One day at the end of last November, we opened the New York Times and immediately saw the front-page headline: “A Cure for Severe Diabetes? For an Ohio Patient, It Worked.”
The news article told the moving story of Brian Shelton, the first patient with Type 1 diabetes to be successfully treated with beta cell replacement therapy. As a participant in a clinical trial run by Vertex Pharmaceuticals, he received a transplant of pancreatic beta cells created using stem cells, which gave him his own source of insulin and drastically reduced the need for daily insulin injections.
This groundbreaking result is the culmination of nearly two decades of work at the Harvard Stem Cell Institute.

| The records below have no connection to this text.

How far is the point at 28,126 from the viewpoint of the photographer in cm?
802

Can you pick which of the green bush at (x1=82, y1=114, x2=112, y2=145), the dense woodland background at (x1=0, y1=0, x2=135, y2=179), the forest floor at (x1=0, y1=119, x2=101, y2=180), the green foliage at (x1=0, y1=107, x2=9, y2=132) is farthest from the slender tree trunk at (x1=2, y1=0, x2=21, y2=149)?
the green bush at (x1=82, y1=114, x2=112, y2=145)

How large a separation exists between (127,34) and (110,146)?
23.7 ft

After showing that the adult body cannot make new beta cells, Douglas Melton embarked on the process of figuring out how to direct embryonic stem cells to become functional beta cells. He further developed the technique into a therapy by launching Semma Therapeutics, which was later acquired by Vertex.
This achievement in cell therapy is exactly the type of transformative work that we set out to do when the institute was founded in 2004. At the time, our goal was to leverage the emerging science of stem cell biology to have a concrete impact on patients and disease. Now, the idea of using cells as medicine is coming into its own, driven by both a deep understanding of fundamental biology and a commitment to clinical application.

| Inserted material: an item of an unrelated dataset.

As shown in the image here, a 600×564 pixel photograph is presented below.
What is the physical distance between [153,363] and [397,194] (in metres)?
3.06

As we mark this milestone, we are also looking ahead to what we can achieve together in the next few years. The next step for beta cell replacement therapy is to better protect the transplanted cells from immune attack and rejection. HSCI researchers are investigating the interactions between immune and pancreatic cells, using the knowledge to genetically engineer and mask the beta cells. Beyond diabetes, we are directing our efforts toward stem cell-based therapies for devastating conditions including cancer, heart diseases, nervous system diseases, and many others.
HSCI researchers are conducting a wide range of basic and translational research across the labs of Harvard’s schools and affiliated hospitals, and we are proud of the many advances highlighted in this annual report. Our scientists are dissecting the fundamental biological pathways that give rise to disease, paving the way for new approaches to intervene. In another approach, our researchers are directing stem cells to become specialized cells such as neurons, giving us better lab models to study conditions including Alzheimer’s disease and ALS. HSCI scientists are also fine-tuning our control over cell behavior, for example turning on and off the activity of engineered immune cells, so that they target cancer while limiting side effects.
This report also showcases HSCI’s approach to finding and incubating the next big ideas that will transform the field. Our community is home to imaginative, ambitious young scientists who have a wealth of innovative ideas. We identify high-risk projects that have the potential to change the course of medicine and support them with grants such as the Barry Family HSCI Innovation Award for Early Investigators.
Our projects mature within the unparalleled ecosystem of the Boston area, well known for being a central hub for academic labs, startup and biopharmaceutical companies, and investors. The ecosystem was further strengthened by last year’s announcement of Landmark Bio, a joint Harvard and MIT venture to accelerate the transition of cell and gene therapies from academic labs into the clinic. It is within this unique environment that HSCI researchers have launched over 40 startup companies to date, including two in 2021, which move our discoveries to patients and garner support from investors independent of HSCI.
All of HSCI’s work would not be possible without the sustained support of our donors. Thanks to your continued philanthropy over the years, we have shown that we can create a whole new class of cell-based medicines and make a direct impact on patients’ lives. Your leadership has made all the difference, and we hope that you will join us as we look forward to the many breakthroughs to come.